4. Customers travel far to CJ for the unique items and the great deals.
A couple travelled 1.5 hours to get here and look for tiles that complement the peachy tiles in her shower. Cost was not a huge issue because prices are already significantly cheaper than what is offered by competitors.
DESIGNING A PERSONALIZED SHOPPING EXPERIENCE
We learned from the site visit that home owners are CJ’s primary customers, and they travel from far away to look for unique items for home renovations. They tend to come here with specific requirements in mind and in-store navigation is not a big issue for them. The customers are unsure if they could find the item they need in store, and they worry if the item will actually match well with other furnitures in their homes. Based on the insights, we wondered:
How might we help CJ customers find items they need with ease and purchase them without wondering how well the items will look like in their homes?
We designed Trove, a mobile personalized shopping experience that enables CJ customers to purchase unique items that meet their requirements with the option to visualize how the item would look in their homes.

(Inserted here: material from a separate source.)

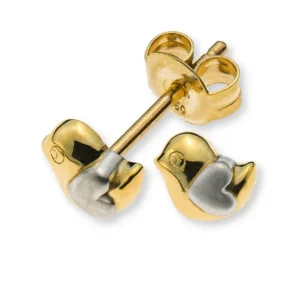 Ohrringe Vogel Gelbgold 750 Herzflugel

A CUSTOMER’S JOURNEY WITH TROVE
ITERATIONS ON LISTS
We considered how customers would view their shopping lists. After a customer clicks the “Save to List” button, we surface the lists they have made in the past, and they can add the item to one of their curated lists. The initial design directs the customer to another page in order to save items in the list. We decided to make the list a pop-up window to minimize distraction and help customers focus on their key task.
ITERATIONS ON AR PREVIEW
The original AR feature put the frame on the door. Customers drag and resize the object to fit the frame. After looking at conventions set by apps such as IKEA Place and Houzz, we chose to position the frame on the door. We made it seem like the customer is placing the door rather than fitting the door to the frame. Originally, customers didn’t have the option to put items they like directly into their shopping cart with AR preview. We added the cart function on the assumption that it will increase conversion rate.